I have finished implementing A* pathfinding in my game. Here's the situation: (If I don't give a situation, everyone's going to give generic contexts and generic answers.)

 

Before implementation: The game is running smoothly at 60FPS. The game itself is simple, all thanks to easy grid movements for moving entities.

After implementation: The game is now lagging badly and it's unacceptable. The only thing I know that's causing the lag is the Map of nodes, in which the size is 160x120. Every 256 + X game ticks, once a unit entity spawns, it calls upon the pathfinding system to create a path that lets the unit entity to go from point A to point B. The X is arbitrary, since the player has to click on the screen to place down the spawners, which they automatically initiate themselves.

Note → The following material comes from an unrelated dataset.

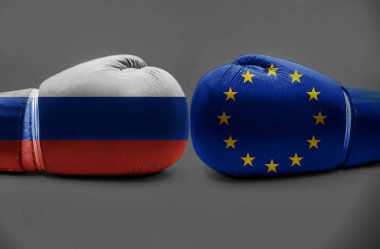 Rusya AB 'ye karşı. AB ve Rusya bayrağıyla boks eldivenleri. Gri renkte izole edilmiş.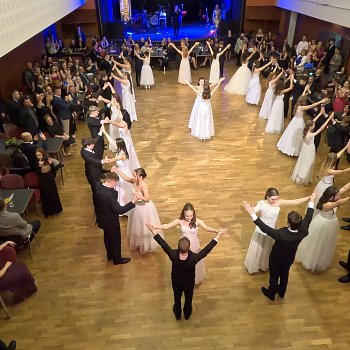 
                                Páteční večer patřil dvaadvacátému ročníku reprezentačního plesu ZŠ Blansko, Erbenova 13. FOTO: archiv školy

At 60FPS, that's about every 4 to 5 seconds, the pathfinding system starts execution, which may lasts several seconds, due to the size of the nodes.

 

I heard many things about debugging code, such as profiling, logging, and simple step in/step out with breakpoints. Of the first two, I only know how to debug codes with the last option. Perhaps maybe if I do profiling, I might be able to see where the game is lagging, and then ask for more help on what I should do to solve it.

 

Of course, the most obvious solution is to cut down the number of nodes in the map. Unfortunately, each node is also binded to a color value. All nodes are pixel data taken from a BufferedImage, or in this case, a Canvas. So, I can't just edit out the size. Otherwise, I would have to do a complete rewrite, and I want to avoid that by all means, unless it's absolutely necessary. Speaking of A*, maybe I could adapt the algorithm so that it uses a greedy method of approach, but I don't have the knowledge to do such a thing, let alone tweaking the heuristics. I'm such a noobie here.

 

And how do you supposed to know when you're supposed to delegate the task (A* algorithm) into a concurrent task, and how to go from there? I don't have that much experiences with concurrency, so I hoped to hear what experienced experts would say about this.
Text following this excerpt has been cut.